Your task: Of all the lines in the entries below, give again exactly those starting at the line containing "Ford Galaxy 2.0 МТ, 2007, 300 000 км" and ending at the line containing "The Heritage Fascinator", both ends included, and no others.
::: Records provided
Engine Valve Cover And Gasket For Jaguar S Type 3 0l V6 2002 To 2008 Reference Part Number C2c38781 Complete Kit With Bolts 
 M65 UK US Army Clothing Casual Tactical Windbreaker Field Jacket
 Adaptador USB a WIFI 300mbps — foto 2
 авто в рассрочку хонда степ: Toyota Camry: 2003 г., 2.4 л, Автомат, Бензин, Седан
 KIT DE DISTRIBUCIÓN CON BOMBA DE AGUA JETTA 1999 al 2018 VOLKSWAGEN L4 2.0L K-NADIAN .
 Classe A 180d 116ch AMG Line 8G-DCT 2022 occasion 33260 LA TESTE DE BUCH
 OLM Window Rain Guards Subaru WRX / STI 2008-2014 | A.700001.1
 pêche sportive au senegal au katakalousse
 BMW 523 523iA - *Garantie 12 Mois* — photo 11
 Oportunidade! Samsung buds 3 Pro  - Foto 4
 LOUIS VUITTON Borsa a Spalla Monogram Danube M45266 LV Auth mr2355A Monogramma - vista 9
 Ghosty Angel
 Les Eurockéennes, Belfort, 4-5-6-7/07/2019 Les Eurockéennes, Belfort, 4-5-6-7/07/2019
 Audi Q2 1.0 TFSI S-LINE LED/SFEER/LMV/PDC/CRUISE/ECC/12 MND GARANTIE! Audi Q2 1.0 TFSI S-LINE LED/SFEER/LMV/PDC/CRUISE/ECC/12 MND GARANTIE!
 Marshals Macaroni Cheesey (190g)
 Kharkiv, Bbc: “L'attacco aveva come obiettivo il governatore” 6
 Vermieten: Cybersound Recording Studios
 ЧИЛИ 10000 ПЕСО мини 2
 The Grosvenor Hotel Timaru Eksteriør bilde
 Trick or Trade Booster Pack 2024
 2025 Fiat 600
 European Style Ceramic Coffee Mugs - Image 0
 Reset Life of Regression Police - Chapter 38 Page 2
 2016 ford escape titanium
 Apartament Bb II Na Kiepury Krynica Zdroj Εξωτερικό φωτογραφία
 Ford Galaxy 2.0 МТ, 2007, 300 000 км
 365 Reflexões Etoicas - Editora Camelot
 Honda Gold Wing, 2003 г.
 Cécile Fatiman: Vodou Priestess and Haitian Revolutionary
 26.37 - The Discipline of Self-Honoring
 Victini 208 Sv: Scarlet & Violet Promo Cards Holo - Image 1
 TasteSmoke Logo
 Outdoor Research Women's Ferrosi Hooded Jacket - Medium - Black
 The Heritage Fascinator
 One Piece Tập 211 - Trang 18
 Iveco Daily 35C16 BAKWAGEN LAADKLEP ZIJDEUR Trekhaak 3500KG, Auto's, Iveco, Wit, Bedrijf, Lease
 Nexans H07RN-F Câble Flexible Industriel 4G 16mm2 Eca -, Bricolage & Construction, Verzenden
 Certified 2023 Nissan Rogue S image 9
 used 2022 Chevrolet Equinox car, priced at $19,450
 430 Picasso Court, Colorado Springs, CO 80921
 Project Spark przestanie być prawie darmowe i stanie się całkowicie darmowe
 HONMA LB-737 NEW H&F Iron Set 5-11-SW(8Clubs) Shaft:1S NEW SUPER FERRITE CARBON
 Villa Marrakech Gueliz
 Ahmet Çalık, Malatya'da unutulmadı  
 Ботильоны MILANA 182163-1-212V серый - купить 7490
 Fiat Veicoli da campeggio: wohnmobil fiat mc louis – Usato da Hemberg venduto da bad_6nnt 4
::::::
Written reply:
 Ford Galaxy 2.0 МТ, 2007, 300 000 км
 365 Reflexões Etoicas - Editora Camelot
 Honda Gold Wing, 2003 г.
 Cécile Fatiman: Vodou Priestess and Haitian Revolutionary
 26.37 - The Discipline of Self-Honoring
 Victini 208 Sv: Scarlet & Violet Promo Cards Holo - Image 1
 TasteSmoke Logo
 Outdoor Research Women's Ferrosi Hooded Jacket - Medium - Black
 The Heritage Fascinator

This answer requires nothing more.